During the experiment all variations were equally distributed to 100% of all traffic. This was another tough experiment where even 2272 transactions and 10 days did not provide a statistically significant winner. But we gathered just enough visitor and ecommerce data for a decision to be made.

Variation B was chosen because, according to Google Website Optimizer (GWO), it was converting better than the control by 7.74%

What Surprised Us: Control vs. Control

Additionally, we wanted to do a little test on GWO itself. We created another variation which was an exact copy of the control variation. Maybe it was a “statistical coincidence,” but this alternative “exact” variation performed 4.97% better! We didn’t do this for any other tests, and, thus, can’t confirm if there is a pattern for such behavior. So this is up for discussion. Have you tried a similar A/A test and found similar results?

This post is contributed by Janis Lanka (@janislanka, who manages front-end development for Elastic Path Software.


Related Articles

21 Responses to “A/B Test Case Study: Can Split Test Results Be Trusted?”

  1. GWO testing is good but not perfect….

    Depending on the amount of conversion increase or decrease, a test can really have no great winner. Motivation of the customer is a huge part of any test.

    I have run the same test twice before, retesting to double check results and have had a different winner each time in A/B testing.

    Point is to depend on GWO to find good increases but when conversion increase or decrease is very small, then realize other outside factors could be swaying your results.

  2. Audio Bible good summary I agree with the Motivation factor and in this case a once every 4 year factor. Janis this is a good case study though and is something I will want to run on sites that have no season of event motivation at the time to see the results. Will up date Getelastic when I have results great post as always.

  3. Brian says:

    interesting results on the control v control. what were the conversion numbers on that 4.97% increase? statistically significant?

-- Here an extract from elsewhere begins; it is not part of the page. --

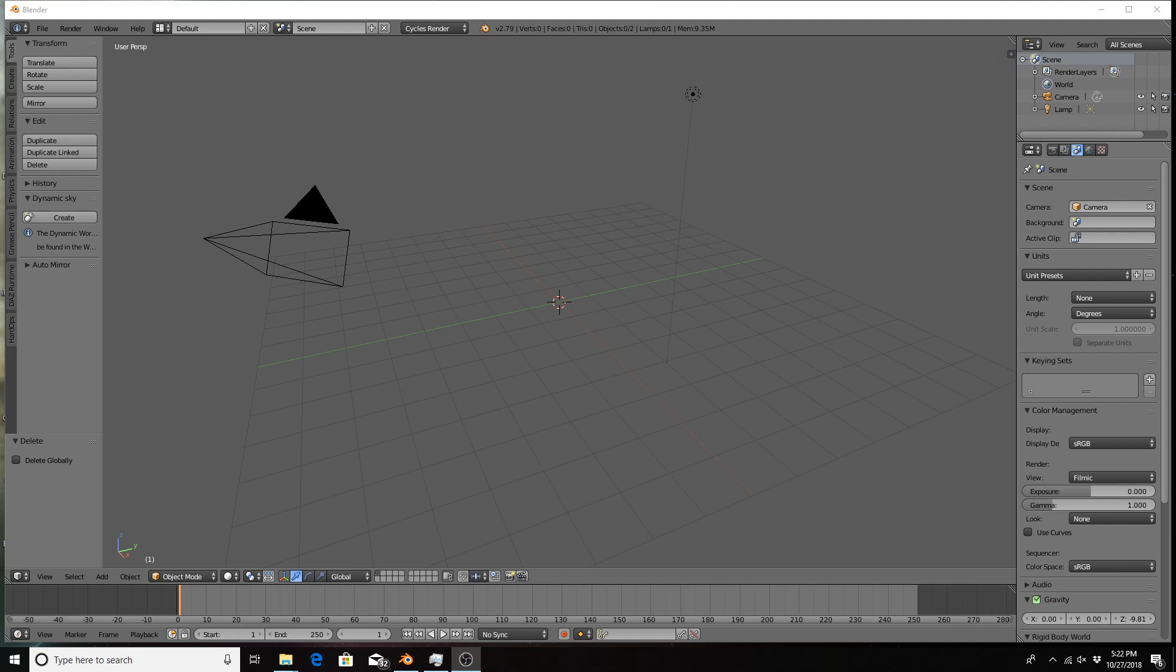Sometimes you are working in Blender and you run into issues where you get a message across the top of your interface. Sometimes it's helpful, sometimes it flashes too quickly for you to discern what's going on.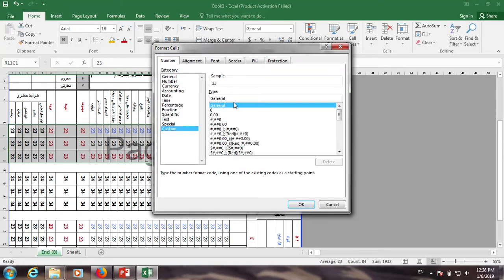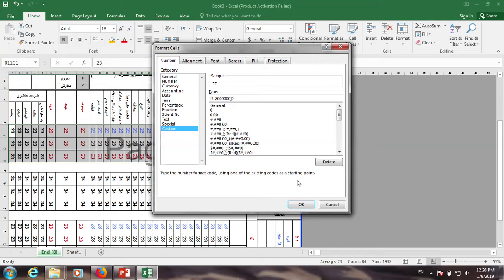This is the general code, and this is the general code. The code is called $1, $2, $0, $0, $0, $0, $0, $0, $0. The code is even free.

  4. With AB testing you assume that the underlying population coming to your site doesn’t change, but to me the Olympics is such a unique event that the type of visitors coming to the site could very well change from day to day, depending on news or events related to the Olympics. Your daily pageviews and visits naturally fluctuate every day so I would expect the same be true for A/A and A/B test results. There is lots of noise that you just can’t eliminate.

    Love your decision-making process though. You have a deadline and you take action using imperfect or ambiguous data.

  5. @Brian The improvement for the copy of the Control were not statistically significant.

    This is a great example of why it’s best to make decisions based on statistical significance whenever possible. Clearly, the copy of the Control is unlikely to actually perform better than the Control.

    In the “real world”, though, other deadlines and org constraints make statistical significance unachievable. Janis and the Elastic Path were great at rolling with the data and making the best decision possible in the very short time-period.

    @AudioBible You’re right that significant traffic variations can produce a different winner. That should be a reason *for* testing with a tool like GWO, not *against* it, though! Understanding how differences in seasonality and traffic segments perform can only be achieved through Controlled statistically-valid testing. Otherwise, your site changes are just guesswork.

  6. David Minor says:

    > but this alternative “exact” variation performed 4.97% better!

    It’s hard to say if this is surprising without knowing the confidence level.

  7. @Kevin – certainly looking forward your findings.

    @Brian – to bring it down to numbers, there was 3.39% increase in Conversion Rate and 7.66% increase in AOV.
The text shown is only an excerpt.